Однако талантливый повествователь – это только ветвь в лаврах Ляо Чжая. Самым важным в ореоле его славы является соединение этой могучей силы человека, наблюдающего жизнь, с необыкновенным литературным мастерством. Многие писали на эти же темы и до него, но, по-видимому, только Ляо Чжаю удалось приспособить утонченный литературный язык, выработанный, как мы видели, многолетней суровой школой, к изложению простых вещей. В этом живом соединении рассказчика и ученого Ляо Чжай поборол прежде всего презрение ученого к простым вещам. Действительно, китайскому ученому, привыкшему сызмальства к тому, что тонкая и сложная речь передает исключительно важные мысли – мысли Конфуция и первоклассных мастеров литературы и поэзии, которые, конечно, всегда чуждались «подлого штиля» во всех его направлениях, – этому человеку всегда казалось, что так называемое легкое чтение есть нечто вроде исподнего платья, которое все носят, но никто не показывает. И вот является Ляо Чжай и начинает рассказывать о самых интимных вещах жизни таким языком, который делает честь самому выдающемуся писателю важной, кастовой китайской литературы.
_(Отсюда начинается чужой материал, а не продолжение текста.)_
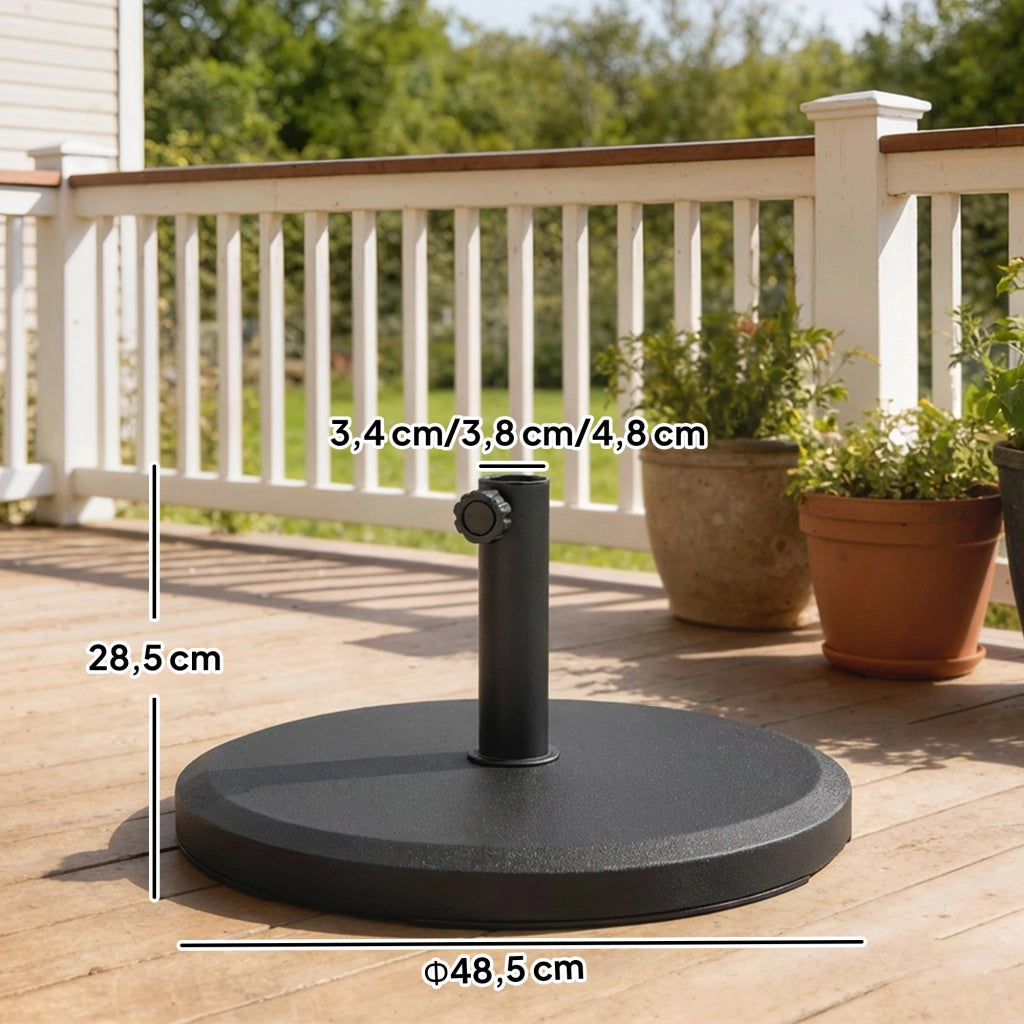 Base per Ombrellone in Cemento da 13kg ¨C Zephmum ¨C Nero, 34/38/48mm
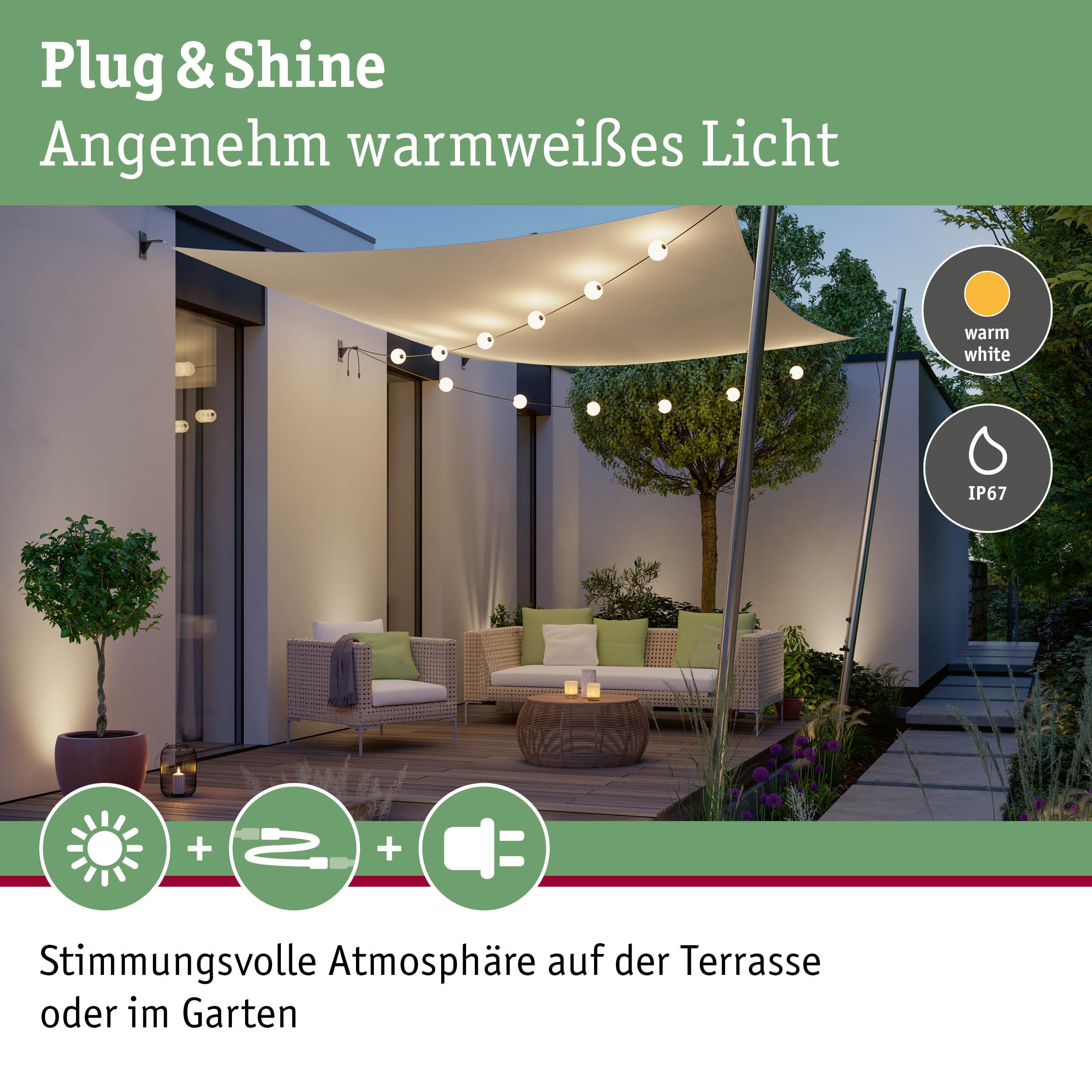 Paulmann 94910 Plug & Shine LED Lichterkette Naima Basisset IP67 3000K 6x1W 5,88m Schwarz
Совершенно отклонившись от разговорного языка, доведя это отклонение до того, что поселяне-хлебопашцы оказываются у него говорящими языком Конфуция, автор придал своей литературной отделке такую высоту, что члены его поэтического содружества (о котором упоминалось выше) не могли сделать ему ни одного возражения.

Трудно сообщить русскому читателю, привыкшему к вульгарной передаче вульгарных тем, и особенно разговоров, всю ту восхищающую китайца двойственность, которая состоит из простых понятий, подлежащих, казалось бы, выражению простыми же словами, но для которых писатель выбирает слова-намеки, взятые из обширного запаса литературной учености и понимаемые только тогда, когда читателю в точности известно, откуда взято данное слово или выражение, что стоит впереди и позади него – одним словом, – в каком соседстве оно находится, в каком стиле и смысле употреблено на месте и какова связь его настоящего смысла с текущим текстом. Так, например, Пу Сунлин, рассказывая о блестящем виде бога города, явившегося с неба к своему зятю как незримый другим призрак, употребляет сложное выражение в четыре слова, взятых из разных мост «Шицзина», классической древней книги античных стихотворений, причем в обоих этих местах говорится о четверке рослых коней, влекущих пышную придворную колесницу. Таким образом, весь вкус этих четырех слов, изображающих парадные украшения лошадей, сообщается только тому, кто знает и помнит все древнее стихотворение, из которого они взяты. Для всех остальных – это только непонятные старые слова, смысл которых, в общем, как будто, говорит о том, что получалась красивая, пышная картина. Разница впечатлений такова, что даже трудно себе представить что-либо более удаленное одно от другого. Затем, например, рассказывая о странном монахе, в молодом теле которого поселилась душа глубокого старца, Пу пользуется словами Конфуция о самом себе. «Мне, – говорит китайский мудрец, – было пятнадцать – и я устремился к учению; стало тридцать, – и я установился…» Теперь фраза Пу гласит следующее: «Лет ему (монаху) – только „и установиться“, а рассказывал о делах, случившихся восемьдесят, а то и больше лет тому назад». Значит, эта фраза понятна только тем, кто знает вышеприведенное место из Конфуция, и окажется, что монаху было тридцать лет, следовательно, перевести эту фразу на наш язык надо было бы так: «Возраст его был всего-навсего, как говорит Конфуций: „когда только что он установился“, а рассказывал…» и т. д. Одним словом, выражения заимствуются Пу Сунлином из контекста, из связи частей с целым. Восстановить эту ассоциацию может только образованный китаец. О трудностях перевода этих мест на русский язык не стоит и говорить.